Over the past few years, buyback of shares has been one of the favoured routes for cash repatriation by Indian subsidiaries of multinational companies (MNCs) or as a means to provide exit to investors. Buyback of shares enabled cash repatriation without triggering dividend distribution tax (DDT), which is a big saving. Moreover, where the shareholder offering the shares for buyback was a resident of a country with which India had a favourable tax treaty (like Mauritius), capital gains on such buybacks also enjoyed tax exemption in India. Thus, cash was repatriated without triggering any tax liability in India.
The Finance Act, 2013, however, changed this position by introducing a buyback distribution tax (BDT) of 20%++ on closely held Indian companies implementing buybacks. BDT applies on the difference between the buyback consideration and consideration received by the company on issue of the shares being repurchased. This made cash repatriation through the buyback route liable to tax in India regardless of whether the shareholder offering the shares was a resident of a tax favorable jurisdiction, and at a rate higher than the rate for DDT.
With a view to repatriate cash without being subjected to BDT, buybacks are being implemented through court schemes and a tax position (although debatable) is adopted that such a buyback is not as specifically provided under the current Companies Act and hence, not liable to BDT. Further, since buyback of shares is not akin to reduction of shares, such a transaction also does not trigger DDT. The current Companies Act seems to permit buyback of shares pursuant to court approved schemes. However, the new Companies Act, which is likely to come into effect from April 1, 2014, requires that buyback of shares, even if implemented pursuant to a court approved scheme, is restricted by specific buyback provisions. Accordingly, once the new Companies Act comes into effect, it will be difficult to adopt the above tax position, and therefore this is a limited-life opportunity.

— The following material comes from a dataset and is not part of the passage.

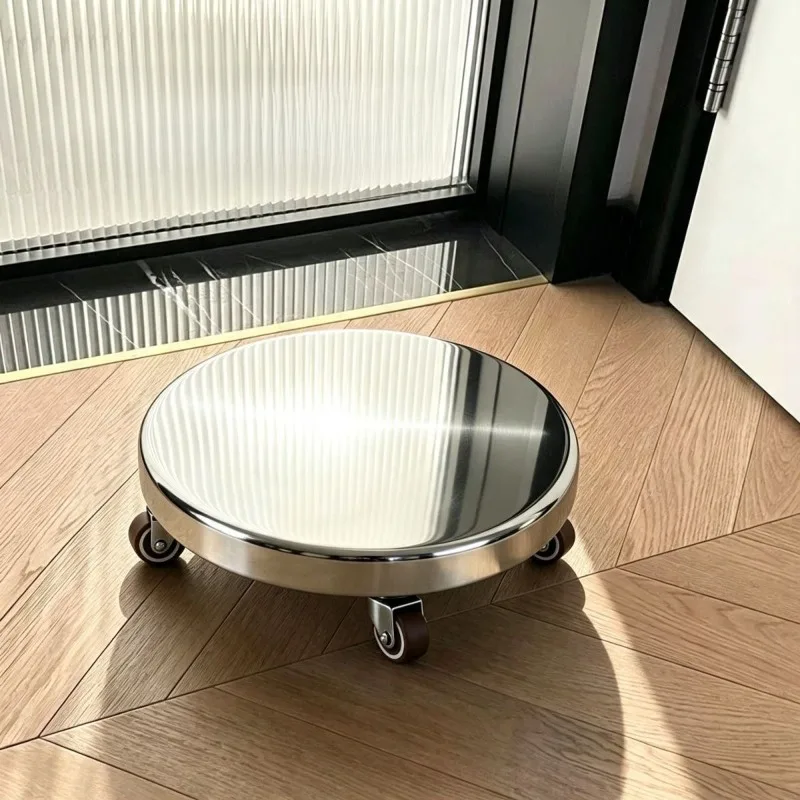 Portable Silent Casters Rolling Stools Swivel Round Low Stool Stainless Steel Ottomans Minimalist Modern Living Room Furniture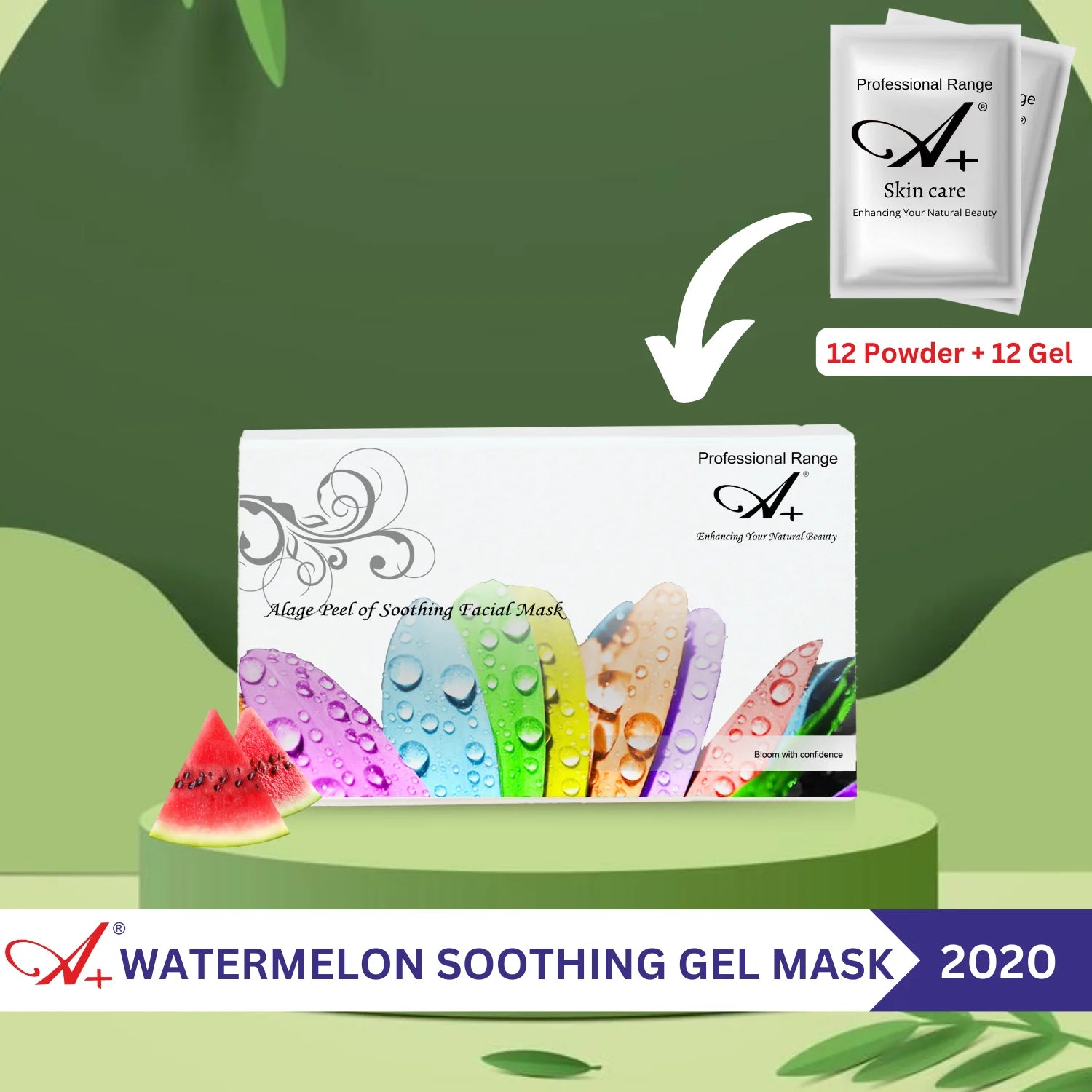 A+ 2020 Watermelon Soothing Gel Mask (12 Powder + 12 Gel) image 1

Demerger of a business sought to be taxed
Transfer of business from one company to another pursuant to a court approved scheme of demerger has been adopted in a number of transactions. Such transfers accord tax exemption both for the demerging company as well as its shareholders where the transfer is of an undertaking (akin to business on a going concern basis) and where at least 75% shareholders (excluding shares held by the resulting company) in the demerging company become shareholders in the resulting company.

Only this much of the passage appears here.